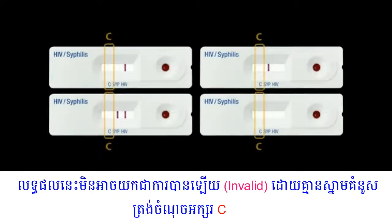If no line appears near the letter C, conduct the test again with a new test device and new disposable capillary pipette.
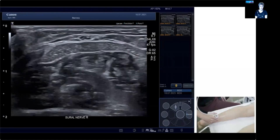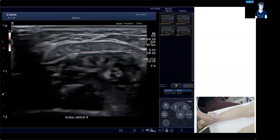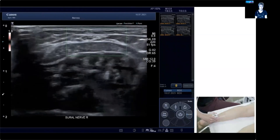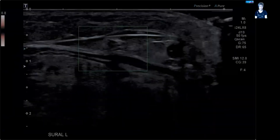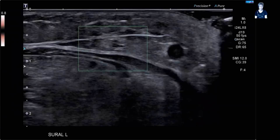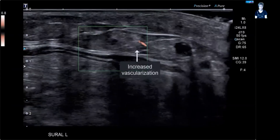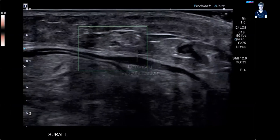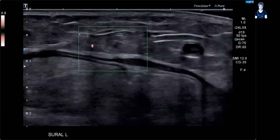We are quite distal now — you can see the gastrocnemius turning into the Achilles tendon with the soleus still underneath. Here's a small case example of a patient who had vasculitis, and we wanted to check the sural nerve to see if it was suitable for biopsy. It is suitable because there's edema surrounding it in the perineurium and increased vascularization of that nerve, so very likely it is involved in the vasculitic process. It also had abnormal nerve conduction.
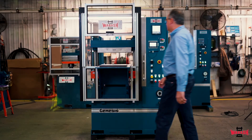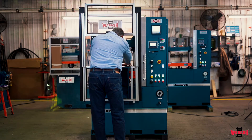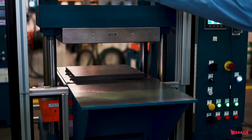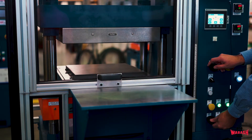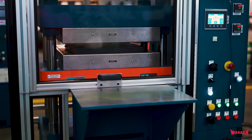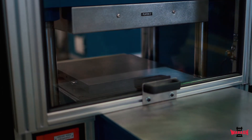Many years of research and testing from our engineering department have gone into developing these special platens. This press has all the standard safety features that you have come to depend on with a Wabash press: two-hand anti-tie-down close buttons for safety of the operator, and interlocked safety guards to keep any other personnel in the area out of the clamp area while the press is closing. This press has polycarbonate panels for more visibility of the clamp area during processing, or it's available with a light curtain in lieu of the manual front gate.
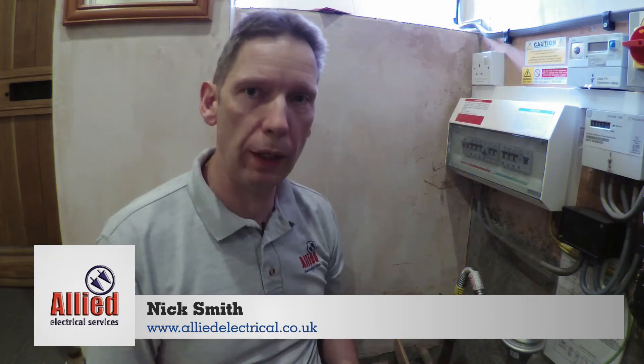Hey everybody, it's Nick from Allied Electrical. Today we're going to do a real super quick explainer video just showing you how to test the RCD in your consumer unit.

------------------------------------------------

• _TO DO_
Write the full listing out again with every line unchanged, but include no pictures.

• _SOLVED PROBLEM_
If no line appears near the letter C, conduct the test again with a new test device and new disposable capillary pipette.
We are quite distal now — you can see the gastrocnemius turning into the Achilles tendon with the soleus still underneath. Here's a small case example of a patient who had vasculitis, and we wanted to check the sural nerve to see if it was suitable for biopsy. It is suitable because there's edema surrounding it in the perineurium and increased vascularization of that nerve, so very likely it is involved in the vasculitic process. It also had abnormal nerve conduction.
Many years of research and testing from our engineering department have gone into developing these special platens. This press has all the standard safety features that you have come to depend on with a Wabash press: two-hand anti-tie-down close buttons for safety of the operator, and interlocked safety guards to keep any other personnel in the area out of the clamp area while the press is closing. This press has polycarbonate panels for more visibility of the clamp area during processing, or it's available with a light curtain in lieu of the manual front gate.
Hey everybody, it's Nick from Allied Electrical. Today we're going to do a real super quick explainer video just showing you how to test the RCD in your consumer unit.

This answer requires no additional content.